Wednesday, June 25, 2014

Fresh Mango and "Sticky" Quinoa

Allow me to express how much I love mango.  I have many fond childhood memories of my mother coming home from work during the Summer with a bag of beautifully ripe mangoes in tow.  She would deftly cut around the large seed, score the two outer thirds, and present them to my brother, sister, and I.  Our hands would be sticky, our upper lips mustached with orange pulp, and our smiles rife with the fibers as we enjoyed mango after mango until we were stuffed.  My mother saved the middle part with the seed, or the buto as we called it in Tagalog, for herself, unwrapping the sliver of skin around it like a delectable gift and then chewing the more tart flesh around the seed with closed-eyed contentment.
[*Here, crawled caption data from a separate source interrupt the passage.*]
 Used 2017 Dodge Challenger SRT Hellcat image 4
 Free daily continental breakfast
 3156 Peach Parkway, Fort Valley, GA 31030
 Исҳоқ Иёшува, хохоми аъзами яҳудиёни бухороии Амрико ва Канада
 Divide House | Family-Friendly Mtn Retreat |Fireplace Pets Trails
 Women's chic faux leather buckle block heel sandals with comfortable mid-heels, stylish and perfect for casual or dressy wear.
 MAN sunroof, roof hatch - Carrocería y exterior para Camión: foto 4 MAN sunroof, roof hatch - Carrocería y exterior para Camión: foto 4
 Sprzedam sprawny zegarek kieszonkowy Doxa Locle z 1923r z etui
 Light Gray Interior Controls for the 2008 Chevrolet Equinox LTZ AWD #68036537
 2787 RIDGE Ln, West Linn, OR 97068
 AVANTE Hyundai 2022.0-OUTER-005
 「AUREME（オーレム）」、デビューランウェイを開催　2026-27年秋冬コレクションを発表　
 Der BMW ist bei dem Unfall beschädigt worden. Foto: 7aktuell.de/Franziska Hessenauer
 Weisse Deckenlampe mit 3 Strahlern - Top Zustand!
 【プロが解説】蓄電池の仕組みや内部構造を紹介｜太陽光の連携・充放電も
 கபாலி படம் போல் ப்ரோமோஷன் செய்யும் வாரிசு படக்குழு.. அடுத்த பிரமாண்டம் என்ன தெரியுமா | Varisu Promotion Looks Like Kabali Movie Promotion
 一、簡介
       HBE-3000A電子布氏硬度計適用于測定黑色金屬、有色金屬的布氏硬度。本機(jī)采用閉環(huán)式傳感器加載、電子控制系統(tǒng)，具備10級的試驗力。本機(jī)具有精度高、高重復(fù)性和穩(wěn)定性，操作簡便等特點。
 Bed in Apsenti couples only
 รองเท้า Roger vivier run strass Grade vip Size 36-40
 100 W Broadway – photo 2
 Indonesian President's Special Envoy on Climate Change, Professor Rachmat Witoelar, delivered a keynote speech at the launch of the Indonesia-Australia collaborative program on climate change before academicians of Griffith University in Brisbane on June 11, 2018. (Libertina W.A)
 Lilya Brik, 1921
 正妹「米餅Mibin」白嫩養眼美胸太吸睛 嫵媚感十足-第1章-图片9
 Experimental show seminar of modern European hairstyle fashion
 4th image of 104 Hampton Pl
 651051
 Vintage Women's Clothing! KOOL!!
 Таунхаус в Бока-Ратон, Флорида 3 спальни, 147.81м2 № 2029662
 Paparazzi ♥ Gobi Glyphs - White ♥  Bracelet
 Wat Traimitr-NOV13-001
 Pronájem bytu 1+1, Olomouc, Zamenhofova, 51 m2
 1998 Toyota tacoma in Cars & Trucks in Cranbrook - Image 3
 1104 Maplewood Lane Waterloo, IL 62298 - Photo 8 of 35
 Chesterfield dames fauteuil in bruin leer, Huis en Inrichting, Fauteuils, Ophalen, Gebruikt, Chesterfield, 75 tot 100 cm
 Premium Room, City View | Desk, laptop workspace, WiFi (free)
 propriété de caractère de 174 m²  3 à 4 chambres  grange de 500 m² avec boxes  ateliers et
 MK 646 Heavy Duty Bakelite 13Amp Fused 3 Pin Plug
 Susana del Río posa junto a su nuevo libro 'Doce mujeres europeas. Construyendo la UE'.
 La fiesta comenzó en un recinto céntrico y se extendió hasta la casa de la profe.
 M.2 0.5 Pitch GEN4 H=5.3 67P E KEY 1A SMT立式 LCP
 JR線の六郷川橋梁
While I enjoy mangoes baked into quick breads, whipped into a mousse, or pureed into a nectar served over ice, nostalgia dictates that mangoes stir my tastebuds most when they are served just as they are.  A nod to sticky rice and mango, the rich, gently sweet creaminess of the quinoa in this dish provides a beautiful canvas for the mango to shine: both lovely on their own, but together creating a sum much greater than its parts.

Sticky Coconut Quinoa with Goji Berries & Fresh Mango
Gluten-Free & Vegan

Active Prep Time:  5 minutes
Inactive Prep Time:  at least 4 hours (for soaking)
Cooking Time:  30 minutes
Yield:  about 3 cups

1 c dry quinoa (+ 3 c filtered water for soaking)
1 1/2 c filtered water (for cooking)

2 tablespoons dried goji berries
1/4 teaspoon salt
1/4 c coconut sugar (or to taste)
1/2 teaspoon lemon juice

1/2 c coconut milk

fresh, chilled mango

What you'll need:  large mason jar, fine mesh sieve, large saucepan

1.  Combine quinoa and water for soaking in mason jar.  I also find it helpful to add a half teaspoon of either lemon juice or apple cider vinegar.  At least 4 hours is good, but you can also allow this to go as long as overnight.
2.  When ready to cook, skim any foam that has accumulated at the top, drain quinoa thoroughly, and then rinse and drain one more time.  The quinoa will have roughly doubled in size and depending on how long you have soaked the seeds, they may have started to sprout.
3.  Combine soaked quinoa with water for cooking in saucepan.  Bring to a low boil and then immediately reduce to a simmer and cover. 
4.  When quinoa has absorbed nearly all the liquid (you'll notice much less steam), uncover and stir. 
5.  Raise heat to medium-low and add goji berries, salt, coconut sugar, and lemon juice.  
6.  When the quinoa starts to take on a sticky texture and begins to almost clump, add coconut milk a tablespoon at a time, stirring to incorporate it, and once it is absorbed, adding another tablespoon, and so on.  If you want a looser consistency, more coconut milk may be added, and vice versa.  Risotto makers, you will find this step quite familiar.
7.  Can be served immediately or allowed to cool.  Serve topped with fresh mango.

Tiny bubbles...

Just below the surface.

Goji berries for color, flavor, and health.

The quinoa embracing the coconut milk.

As the days stretch well into the night and the Summer heat takes off its shoes to stay a while, I hope you will enjoy this recipe to help you take advantage of the bounty of mangoes, whether they be Atualfo, Atkin, Kent, or Alphonso, now beautifully in season.